The Maoist insurgency feeds on the
anger of the tribes who have been excluded from the nation’s economic surge.
The insurgency began in 1967 as a
network of leftwing ideologues and young recruits in the village of Naxalbari
outside Kolkata, the capital of West Bengal state. The rebels, who took the
name Naxalites, are now estimated to have 30,000 fighters and have pledged to
violently overthrow the Indian government.
They control vast swathes of the
so-called Red Belt in central and eastern India, where troops and officials
rarely venture. The rebels are thought to operate in 20 of India’s 28 states.
Saturday’s ambush, which targeted
Congress party politicians returning from a campaign event with the indigenous
tribal community, appeared to be a warning to officials to stay away from the
marginalized groups from which the Maoists draw their support.

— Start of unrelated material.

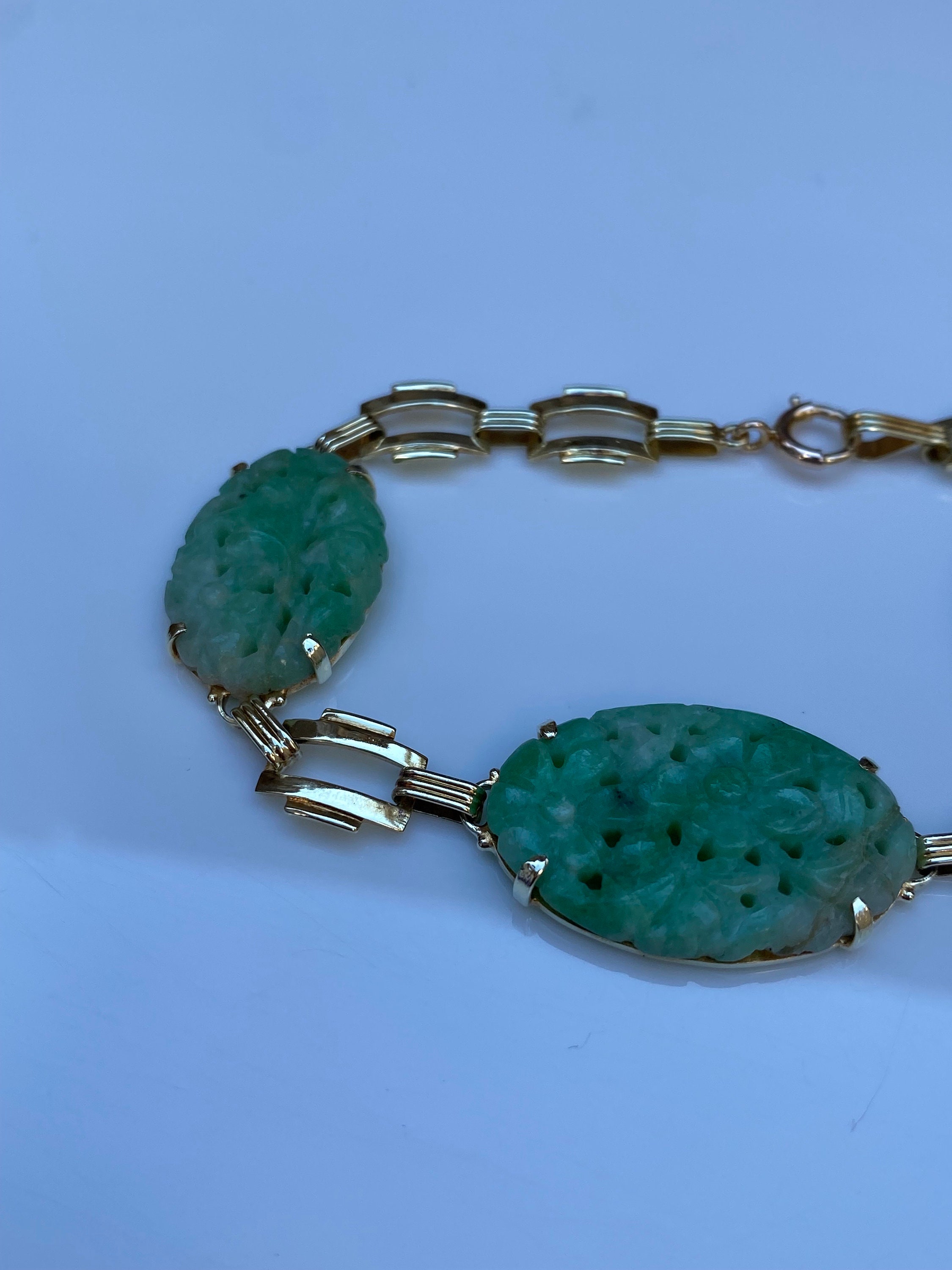 Best Vintage Gold Bracelet with Jade Jewelry Gift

The victims included Mahendra Karma,
a Congress official who founded the much-criticized Salwa Judum militia to
combat the rebels. The Salwa Judum had to be reined in after it was accused of
atrocities against the tribals it claimed to be protecting.

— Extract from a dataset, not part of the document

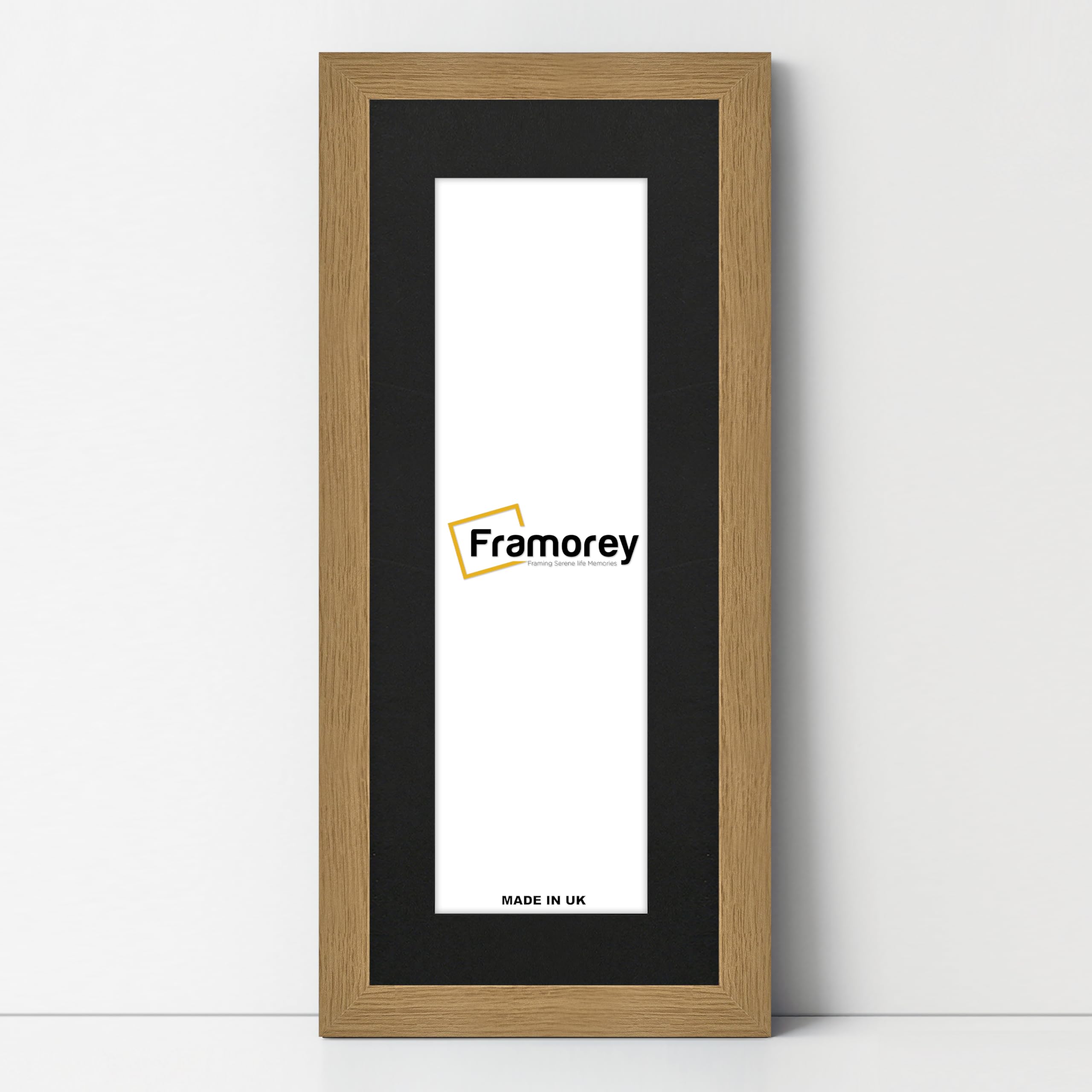 FRAMOREY Panoramic Style, Oxford Flat Wooden Effect Picture Frame, 26x12" Size Oak Photo Frame With 22x8" Size Black Mount, Handmade Frame, Wall Art Hanging Frame, Best Home Decor Frames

Angry and often violent protests from
local tribes stalled South Korean steel giant Posco’s plans to build a $12
billion plant in the eastern state of Orissa, and London-based mining giant
Vedanta Resources’ plans to mine bauxite in the Niyamgiri hills in the same
state.
The rebels have ambushed police,
destroyed government offices and abducted government officials. They have blown
up train tracks, attacked prisons to free their comrades and stolen weapons
from police and paramilitary warehouses.
Since 2005, more than 6,000 people —
including civilians, security troops and the rebels themselves — have died in
Maoist violence across the country, according to data compiled by the Institute
for Conflict Management.
“The government has no idea of what the people in these areas
need and they don’t even care,” said Nandini Sundar, a sociologist who does
extensive research in the area.
The Maoists in contrast are “quite
deeply embedded in the local community,” she said.
In 2009, the federal government
announced a renewed military push — “Operation Greenhunt” — to oust the rebels.
That effort petered out without any significant results, Sahni said.
“Most top police and political leaders have no idea of what is
happening on the ground,” he said. “Their own lives are hardly ever at stake.
It’s the lower security cadres who bear the brunt.”